And we can plot it with vaex’s functions

%%time
df_g.viz.histogram(df_g.fare_amount, what='mean(tip_amount)', limits=[0,100])

CPU times: user 2.17 s, sys: 40.3 ms, total: 2.21 s
Wall time: 722 ms

Time series

Having defined a reference point in time, being Dec. 31st 2014, we can use the delta_t virtual column to visualise the time series of the number counts of taxi trips

size = 380

df_g.viz.histogram("pickup_datetime", grid=df_g.count(binby="delta_t", shape=size), shape=size, figsize=(12,3))
plt.gca().axvline(np.datetime64('2015-12-25'), c='k', ls='--', lw=0.5)
plt.gca().axvline(np.datetime64('2015-01-27'), c='k', ls='--', lw=0.5)

<matplotlib.lines.Line2D at 0x7f9b5fc729d0>

This plot shows the sinusoidal behaviour of the number counts of trips due to workdays/weekends. We can notice that there are 2 deep low points that stand out, which are the 2 days where the least amount of taxi rides have been hired: Christmas day and Jan. 27th, which was during a big snow storm in New York.

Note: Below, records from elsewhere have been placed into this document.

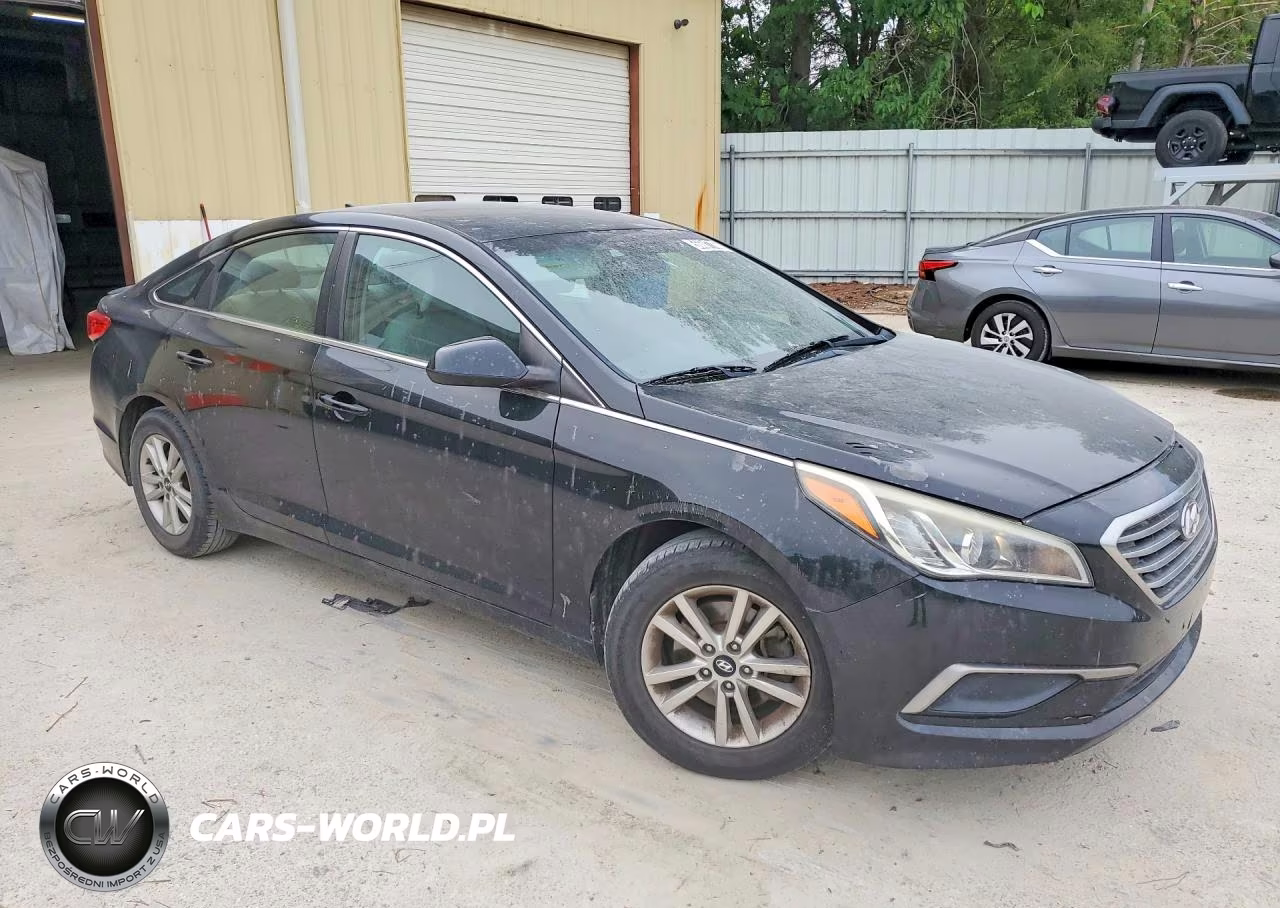 2016 Hyundai Sonata Se VIN:5NPE24AF3GH412940 - 4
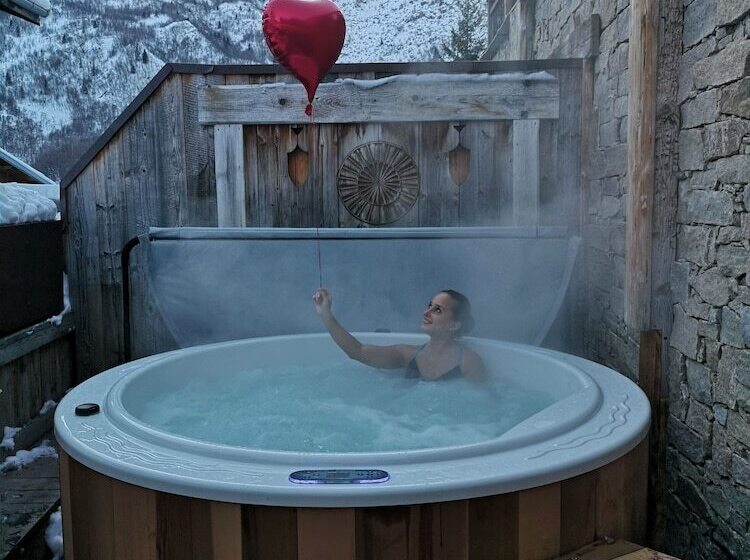 호텔 La Bouitte   Hôtel Relais & Châteaux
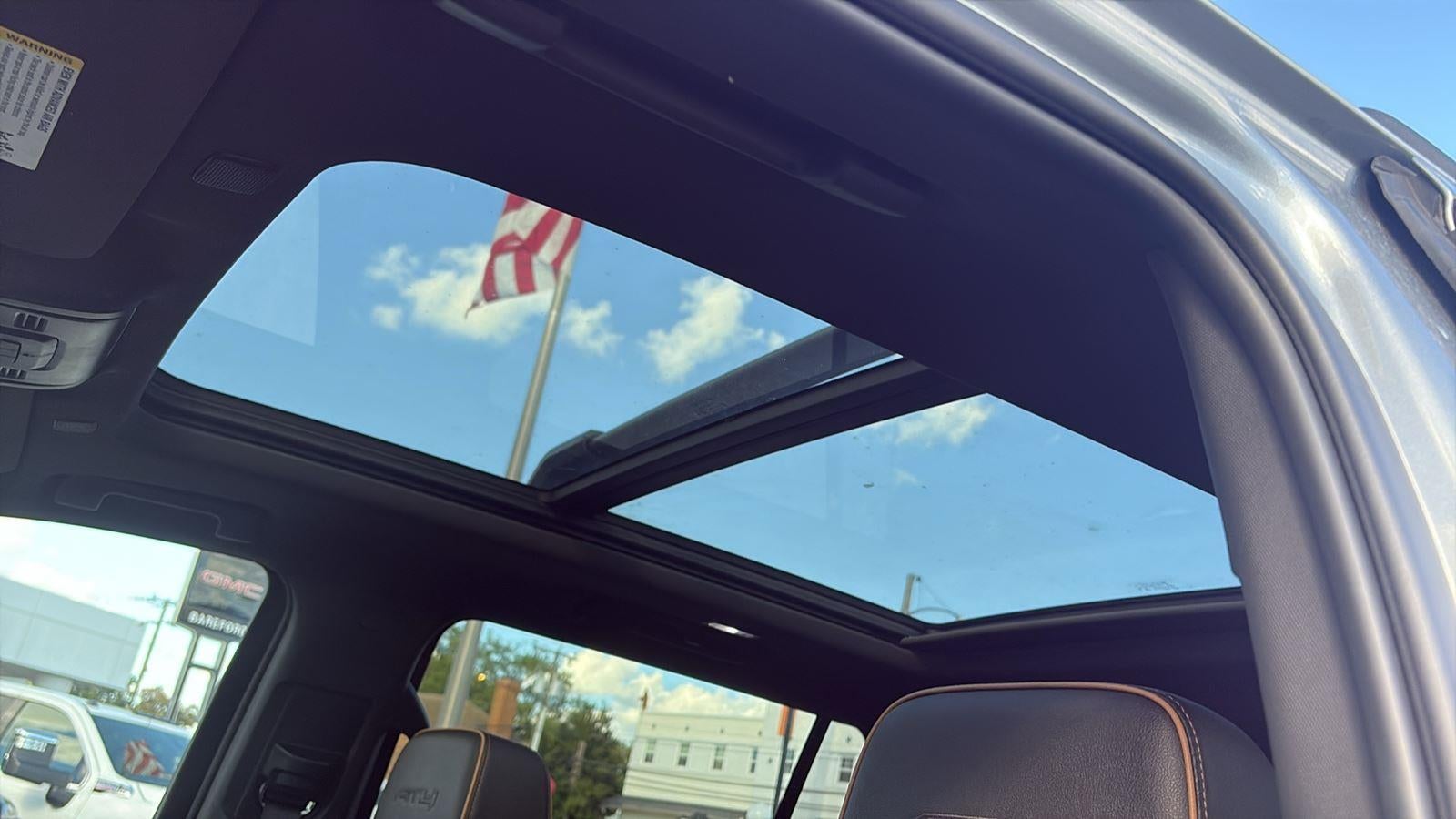 2023 GMC Yukon XL AT4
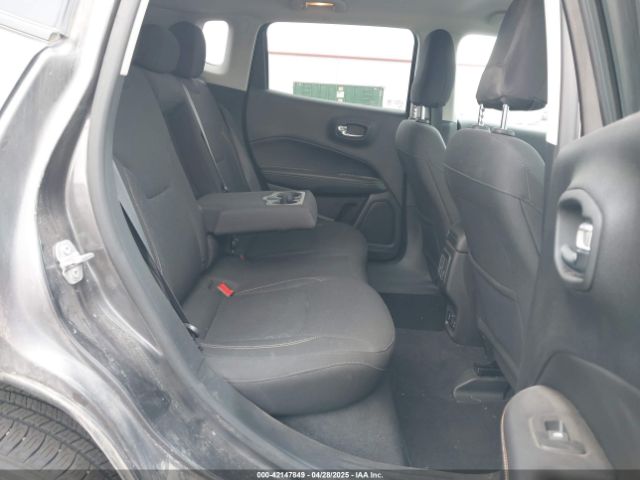 3C4NJDAB8JT343492 Jeep Compass Sport 4x4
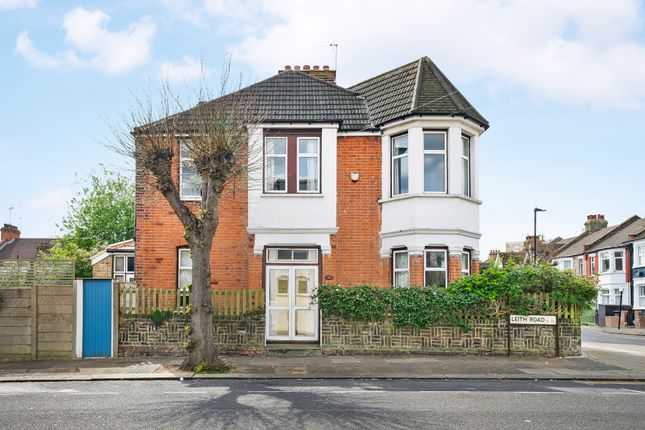 Stirling Road, London N22 3 bed terraced house for sale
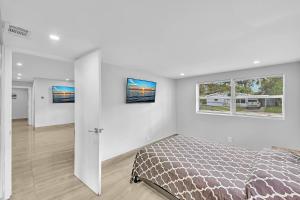 Waterfront Modern Hollywood Hard Rock airport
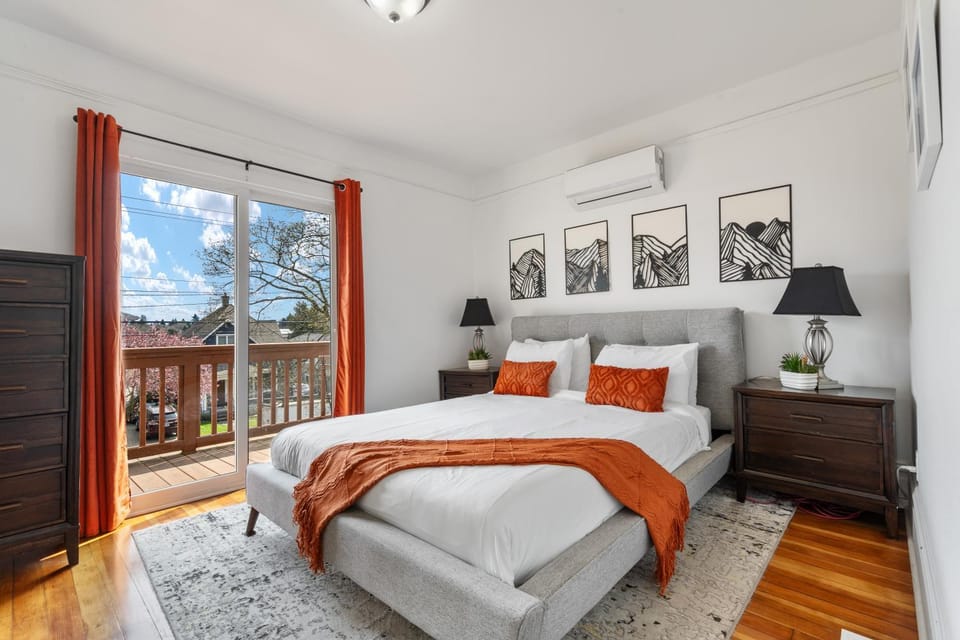 Photo of the whole room, Bedroom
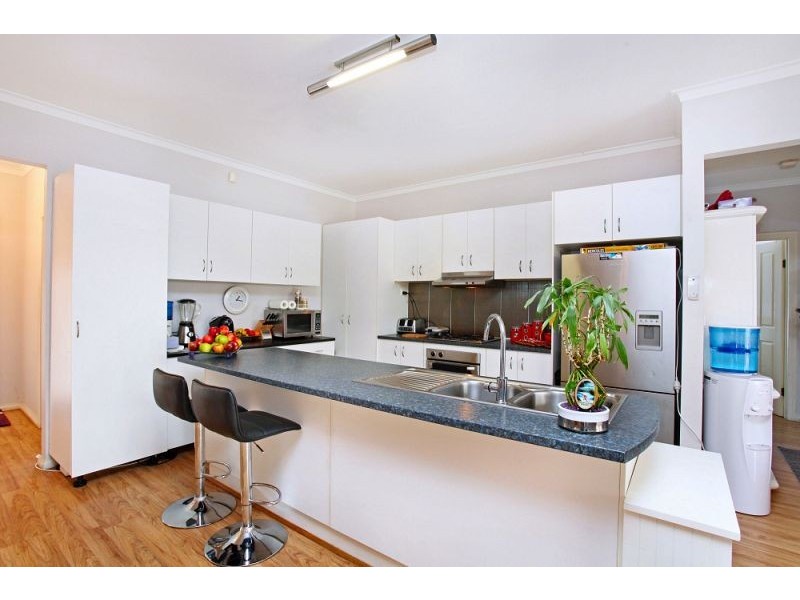2 Scarborough Crescent, Melton West VIC 3337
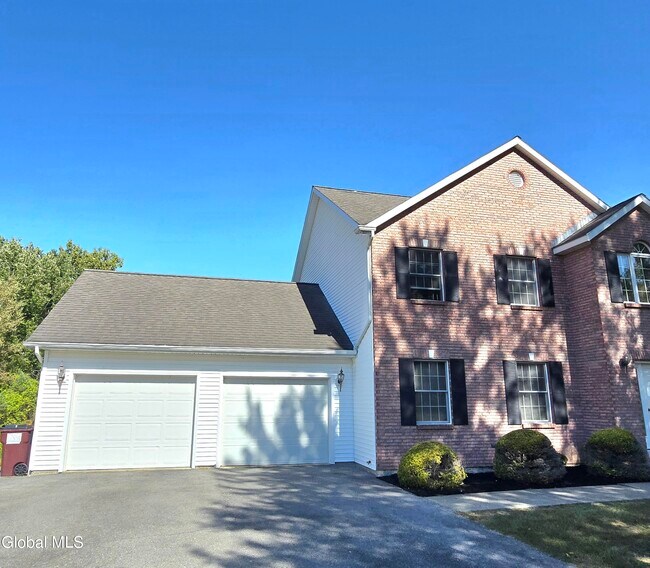 3 Red Maple Ln in Clifton Park, NY - Building Photo - Building Photo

Similarly we can explore which were the more profitable days of the year for the Yellow taxi company, by plotting the sum of the total amounts paid by their clients

df_g.viz.histogram("pickup_datetime", grid=df_g.sum("total_amount", binby="delta_t", shape=size), 
                   shape=size, figsize=(12,3), ylabel="sum(total_amount)")
plt.gca().axvline(np.datetime64('2015-12-25'), c='k', ls='--', lw=0.5)
plt.gca().axvline(np.datetime64('2015-01-27'), c='k', ls='--', lw=0.5)
plt.gca().axvline(np.datetime64('2015-01-18'), c='r', ls='--', lw=0.5)

<matplotlib.lines.Line2D at 0x7f9b1382ded0>

The plot is very similar to the one above, since the more trips the more revenue, but anyway there is a particular day, Jan. 18th, where the taxis have charged for slightly more than average per trip, thus making it the most profitable day of the year.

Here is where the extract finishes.